Fall into line türkçesi Fall into line nedir

  • Sıraya girmek.
  • -'ın bir parçası olmak.
  • Sıra veya kuyruk oluşturmak.
  • Katılmak.

Fall into line ingilizcede ne demek, Fall into line nerede nasıl kullanılır?

Fall : Azalmak. Oturmak (laf). Devrilmek. Başlamak. Gece çökmek. Yağmak. Düşüş. Ölmek. Çökmek. Düşme.

Into : Şekline. Ye. Biçimine. -in içine. -e. -a. E. Haline. İçine. İçeriye.

Line : Sıra. Oyun alanını bölen, sınırlayan ve belirleyen boyadan şeritlere verilen ad. Düzdizim çizgisi. Doldurmak. Astarlamak. Oyun alanını bölen, sınırlayan, belirleyen boyadan şerit. Tarayıcı elektron demetinin yatay tarama sırasında soldan sağa bir gidişinde oluşturduğu çizgi. Tenis, futbol, bilgisayar, bilişim, masa tenisi, sinema, televizyon, voleybol alanlarında kullanılır. Çizgi. Özellikle pelajik balıkların avlanmasında kullanılan, yemli 2-7 iğneden oluşan olta takımı.

Fall into line with : - ile uyumlu olmak. Başkalarının düşüncelerini kabul etmek. Bir araya gelmek. Başkalarının izinden gitmek. Aynı görüşte olmak. Aynı düşüncede olmak. Kavuşmak. Uzlaşmak. Aynı şekilde hareket etmek. Belirli bir hareket tarzına razı olmak.

Fall into : Uğramak. Yer almak. Maruz kalmak. Yeralmak. Akmak.
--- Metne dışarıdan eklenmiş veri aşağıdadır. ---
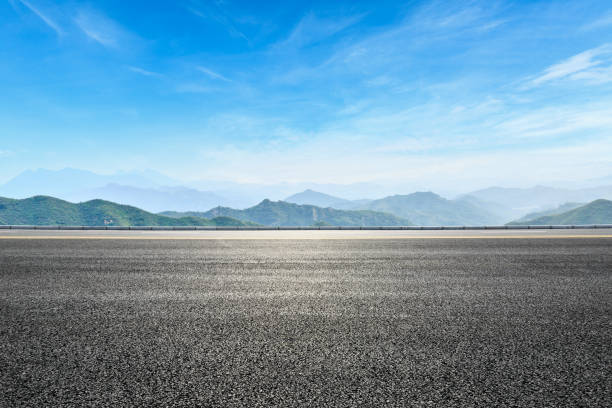 istock asphalt highway and hill landscape under the blue sky 938333272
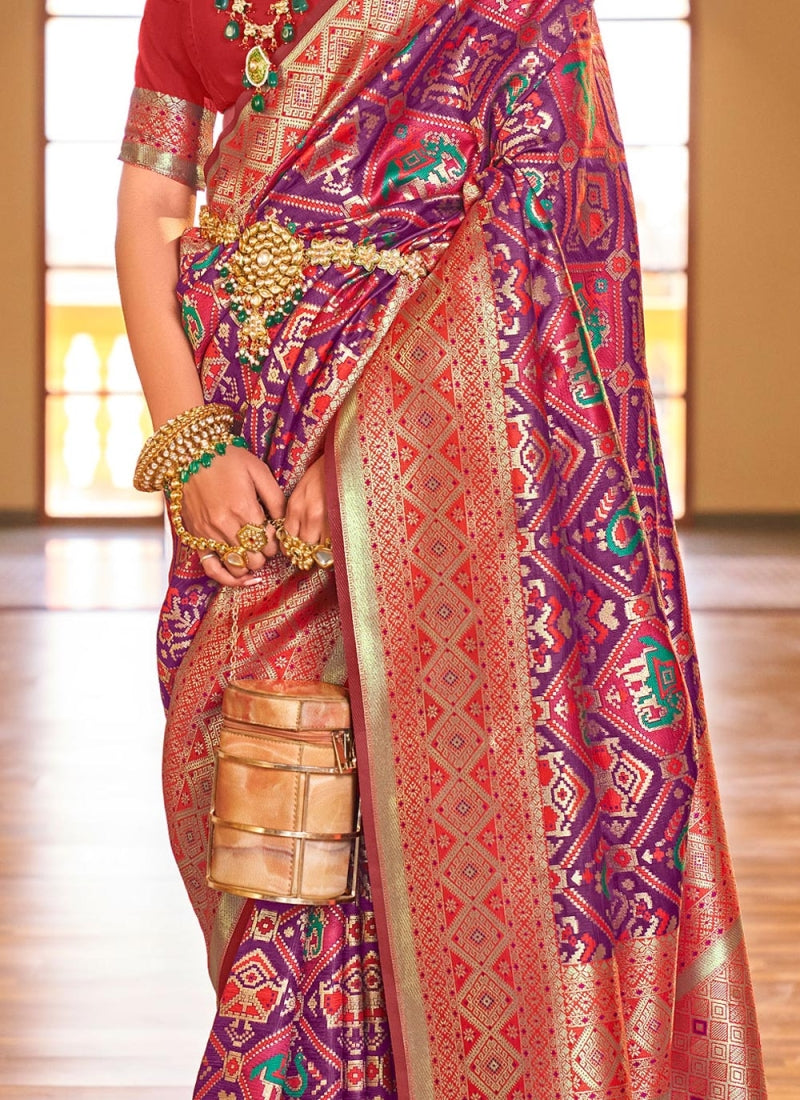 Pleasant Purple Patola Silk Saree with Nectarous Blouse Piece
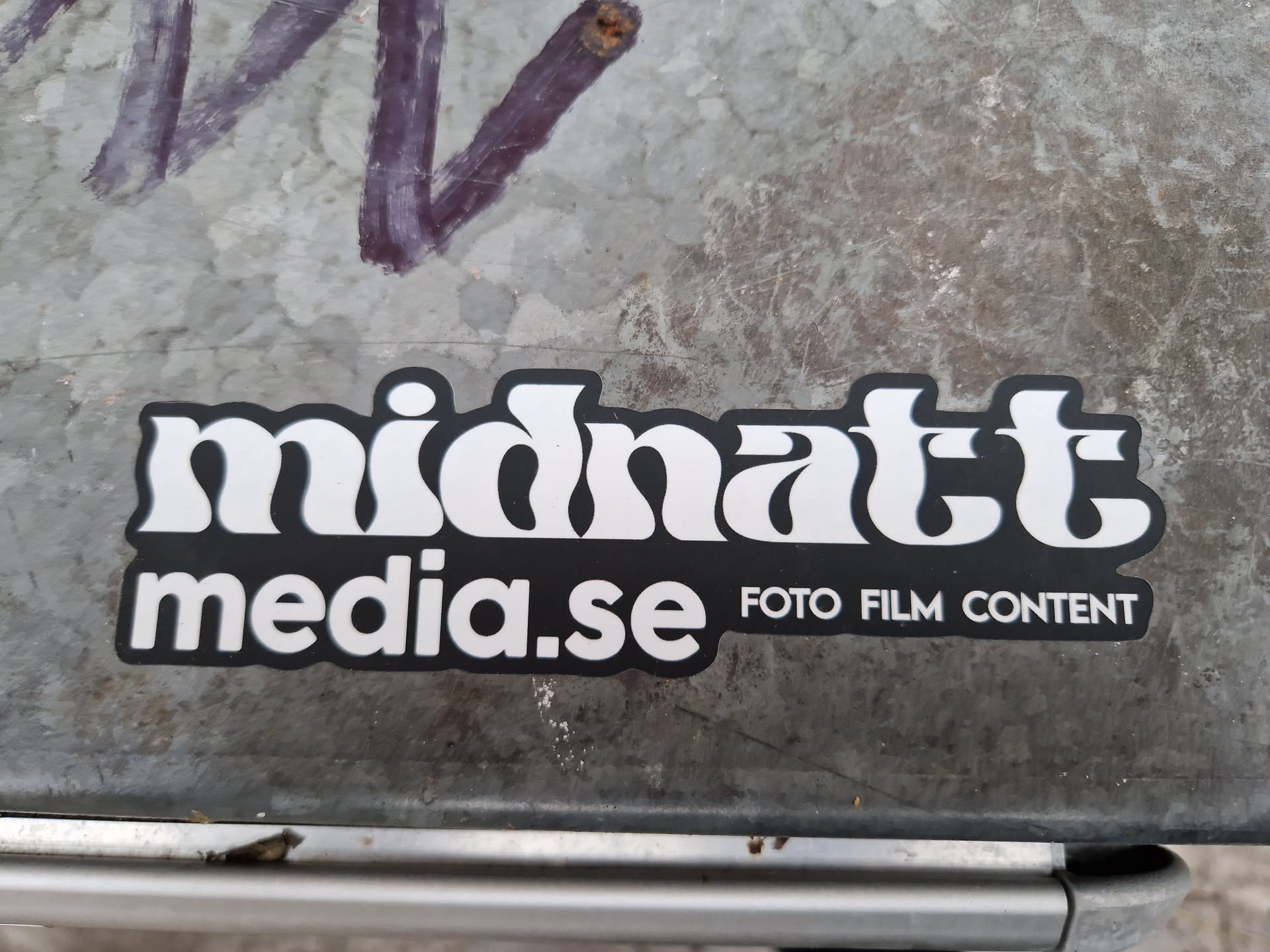 Black and white sticker with the text Midnatt media.se and the words Foto Film Content underneath. The text Midnatt uses a stylized font.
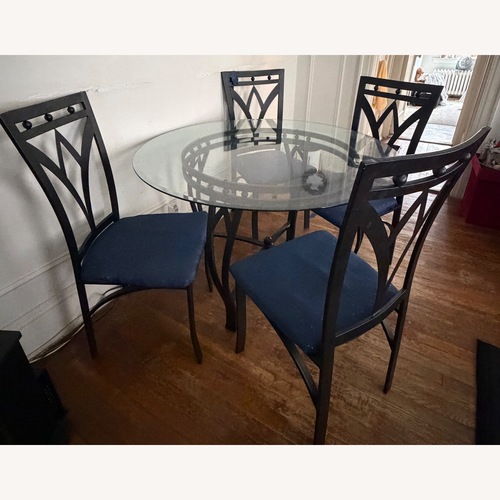 Used Stylish Glass Dining Table for sale on AptDeco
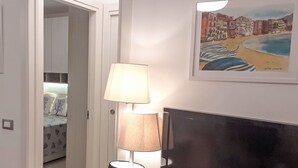 Una habitación con una cama, televisión y una lámpara.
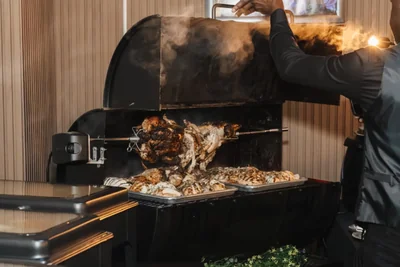 A large roast being carved over a grill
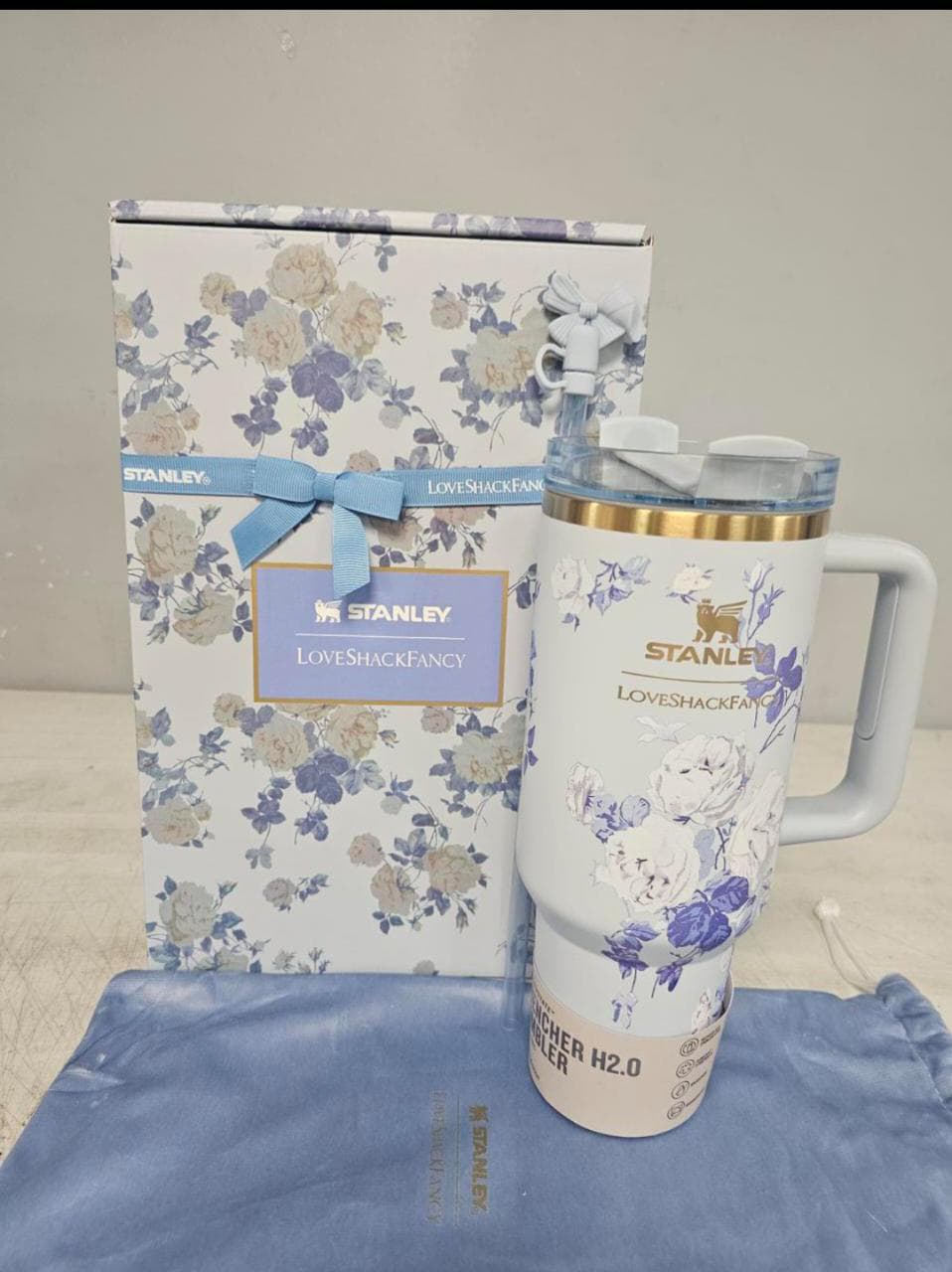 Stanley Love Shack Fancy insulated travel mug with floral print, shown next to its matching floral gift box and a blue drawstring bag on a neutral background.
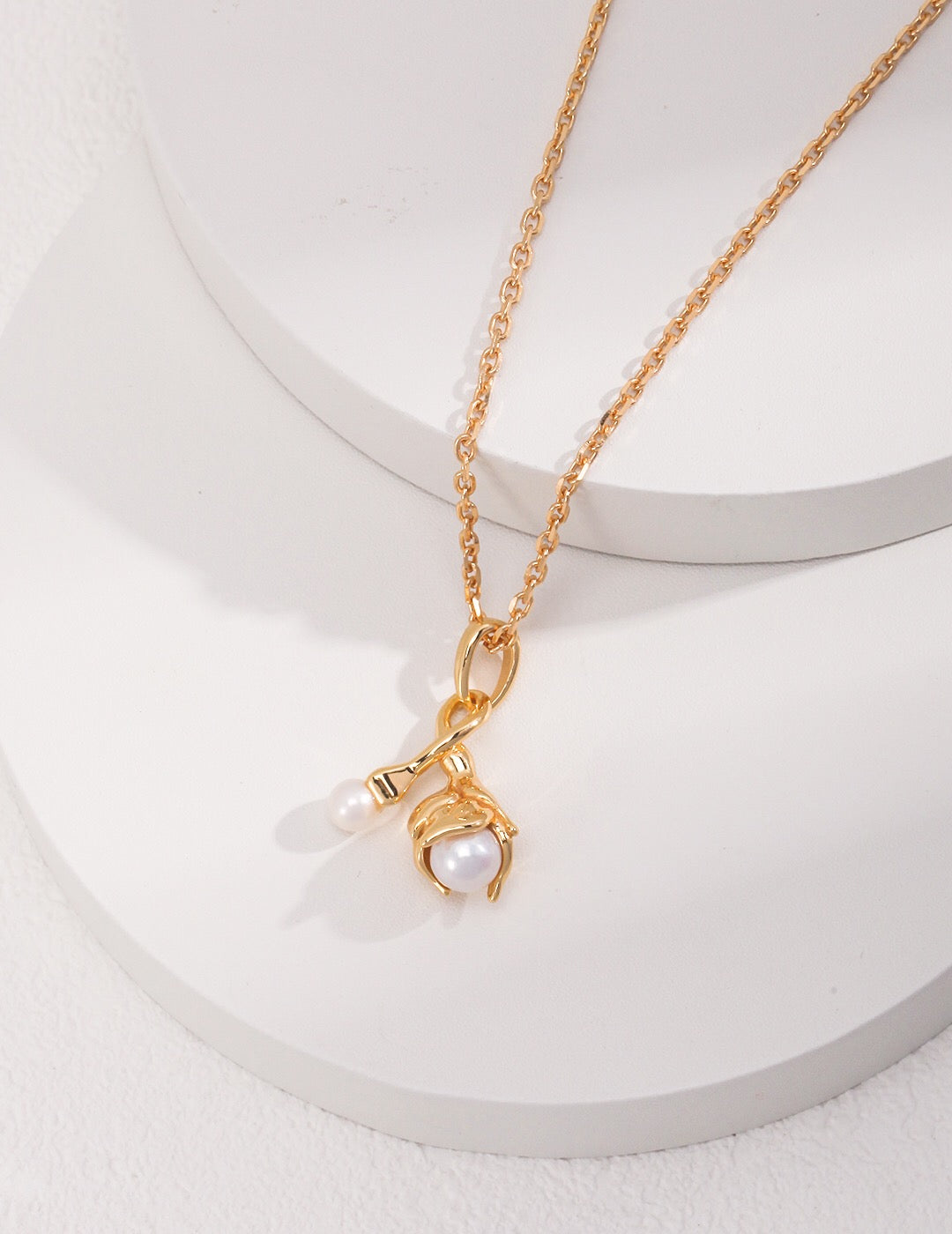 Gold Dipped Pearl Pendant Necklace featuring natural pearls and gold vermeil, elegantly designed with an adjustable chain.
Başlamak (konuşma vb.). Dökülmek. Bölünmek. Edinmek.

Fall into a trap : Tuzağa düşmek. Sakata gelmek. Tuzağa yakalanmak. Çürük tahtaya basmak.

 

Fall into contempt : Aşağılanmak. Gözden düşmek. Hakir görülmek. Hor görülmek.

Fall into desuetude : Yürürlükten kalkmak. Kullanılmamak.

Fall into confusion : Karmakarışık olmak.

Fall into a habit : Huy edinmek. Huy haline gelmek. Alışkanlık edinmek. Adet edinmek. Alışkanlık halini almak. Alışkanlık olmak.

İngilizce Fall into line Türkçe anlamı, Fall into line eş anlamlısı

Sözcükler, direkt olarak Fall into line ile ilgili eş anlamlı kelimeler olmayabilir. Kelime anlamı benzer olan sözcükler olabilirler.

Accedes : Yönetime geçmek. İş başına gelmek. Yerine getirmek. Yanaşmak. Tahta çıkmak. Razı olmak. İktidara gelmek. Uymak. Kabul etmek.

Queue up : Kuyruk olmak. Kuyruğa girmek. Sıra olmak.

Acceding : İktidara gelmek. Kabul etmek. Uymak. Yönetime geçmek. Tahta çıkmak. Razı olmak. Yanaşmak. Yerine getirmek. İş başına gelmek.

Affiliating : Yakınlaşmak. Birleştirmek. Üye olmak. Kabul etmek. Bağlamak. Üyeliğe kabul etmek. Tanımak. Katmak. Evlat edinmek. Üye olarak almak.

Acceded : İş başına gelmek. Tahta çıkmak. Kabul etmek. Yönetime geçmek. İktidara gelmek. Uymak. Yerine getirmek. Yanaşmak. Razı olmak.

Fall in : Sıraya girmek (askeri terim). Kapılmak. Vadesi gelmek. Ödeme zamanı gelmek. Süresi bitmek (kira). Dizilmek. Çökmek. İçine düşmek. Göçmek.

Adhered : Sadık. Bağlı. Yapışık. Bitiştirmek. Bağlı kalmak. Yapışmak. Bağlanmak.

Agree with : Yaramak. Anlaşmak. Aynı görüşte olmak. (alınan karara vb) sıcak yaklaşmak. Hemfikir olmak. Uymak. İyi gelmek. Bağdaşmak. Aynı fikirde olmak.

Cuing : Bilardo sopası. Belirti. Sufle etmek. Son söz. İşaret vermek. İpucu. Fikir. İşaret. Başlama işareti.

Ally oneself : Birleşmek.

Fall into line synonyms : adhere, affiliates, adhering, come into line, adheres, cue, affiliate with, act the part, ally, accede, line up, form a line, affiliate.